** WHAT IS REQUIRED **
Starting at the first line of the material below and stopping after the line that includes "Financial Investment - Landing", write the lines out again exactly. Drop any pictures.

** INPUT DATA **
---*---

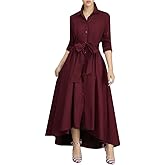 VERWIN Women Long Sleeve Loose Elegant Maxi Dress Button Down Up Shirt Long Dress with Pockets and Belts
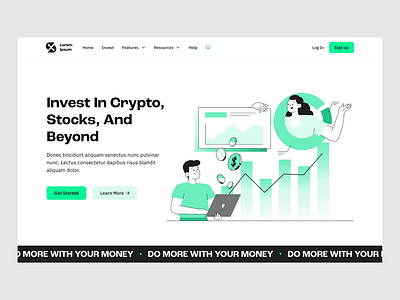 Financial Investment - Landing Page V2 bank branding crypto cryptocurrency design financial fintech graphic design illustration invest investing landing page onepage startup stocks tech trader ui vector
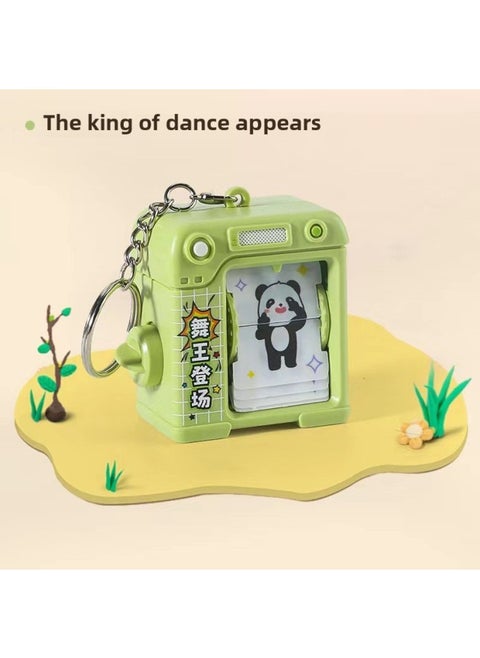 Dancing Swing Page-turning Animation Machine Peripheral Toy Keychain Female Student Schoolbag Pendant Key Chain Stall Wholesale-Color:[the King Of Dance Appears] Green Panda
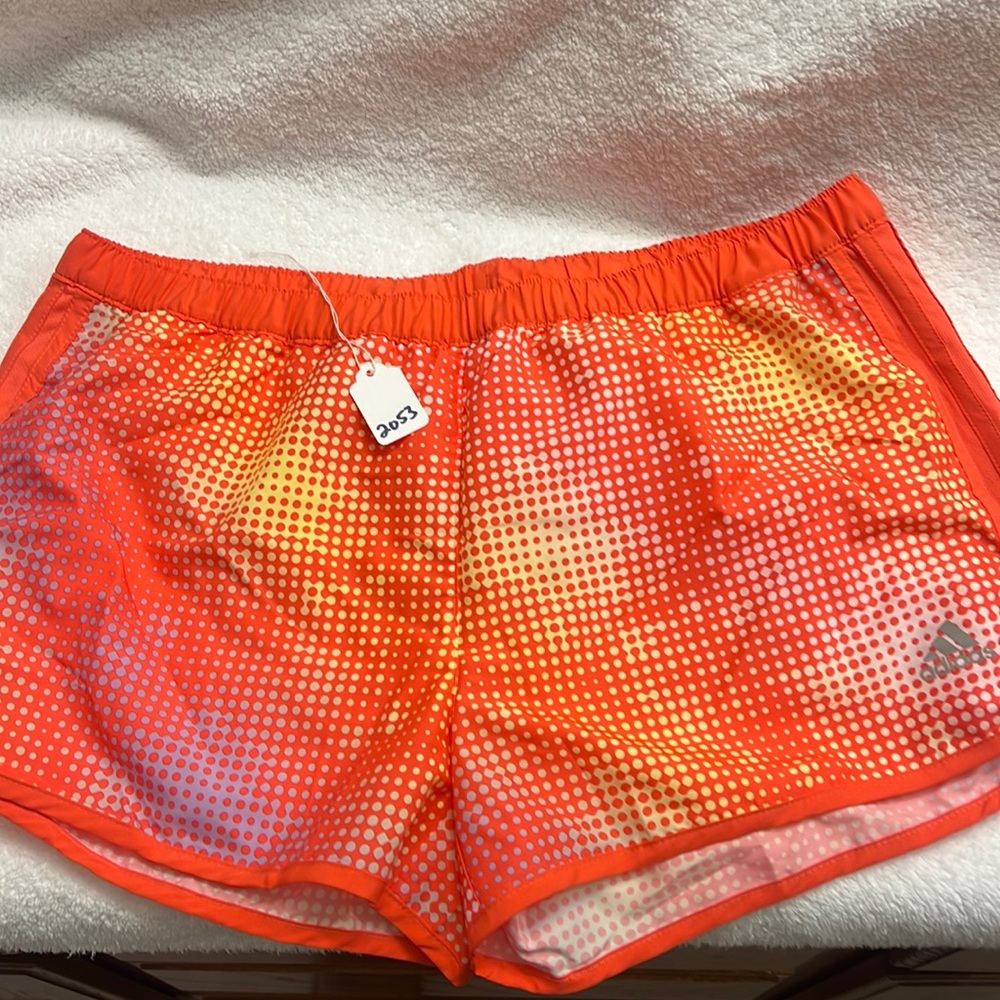 Without Adidas running shorts, size large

---*---

** YOUR SOLUTION **
 VERWIN Women Long Sleeve Loose Elegant Maxi Dress Button Down Up Shirt Long Dress with Pockets and Belts
 Financial Investment - Landing Page V2 bank branding crypto cryptocurrency design financial fintech graphic design illustration invest investing landing page onepage startup stocks tech trader ui vector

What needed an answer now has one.